There are key differences between the Egyptian military and other militaries of the region (i.e. Iran) which makes any violent end less likely.

First and foremost, the average Egyptian soldier is a conscript. Who probably has family among the protesters. So you can rule most of them out of shooting civilians.

The elite guard are also going to be equally queasy, because they're actually funded largely by US subsidies. And when Obama tells the Egyptian military to play nice, the Egyptian soldiers riding the nice American Abrams tanks tend to listen.

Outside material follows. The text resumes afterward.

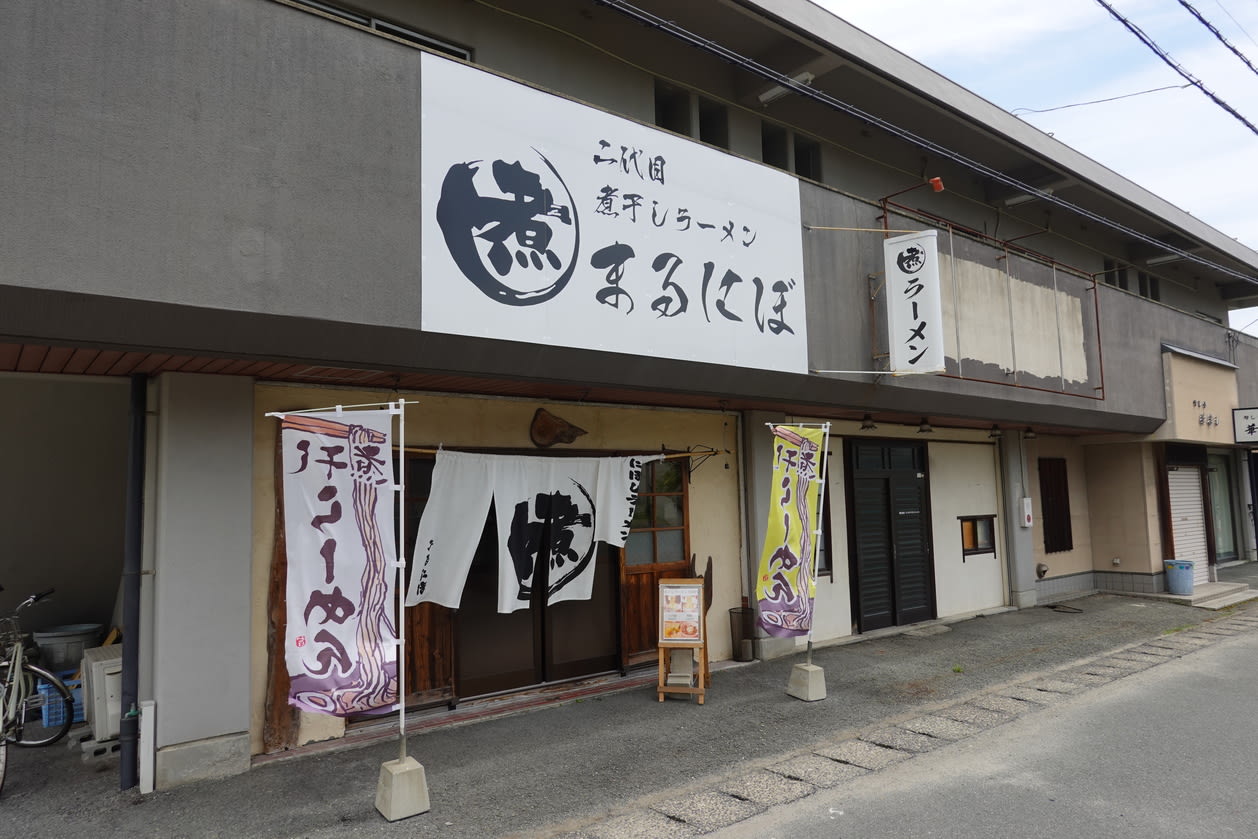 Marunibo Restaurant Reservations | Hofu, Yamaguchi (Tajima)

In contrast, Iran's elite guards are drawn mainly from rural villages. Undereducated and religiously indoctrinated, Iranian security forces have shown time and again that they don't care about hurting civilians.

The problem is that Mubarak is still, ultimately, a military man. And other top military leaders in Egypt are gonna be worried that they may end up getting thrown out next "just like Mubarak". Get enough officers worried about their future, and get enough of their loyal troops to follow suit, and you're gonna have a civil war on your hands.

To avert this, the opposition will probably have to give MAJOR concessions to the military. Which is why it's very likely Mubarak will just be replaced by another military strongman.

----

Finally, here's a key thing that all the major news outlets have missed:

What is happening in Iran right now?

Because ultimately, if you want a "Berlin Wall Falls in 1989" situation to replicate itself in the Middle East, you ultimately have to look at what's happening in Iran. Iran has its own large and active dissident movement, which was badly beaten up after the last election.

So far, it seems what's happening in Egypt isn't affecting them yet. But if it does... well, then anything can truly happen now.
Last edited by Zinegata on Wed Feb 02, 2011 9:18 am, edited 1 time in total.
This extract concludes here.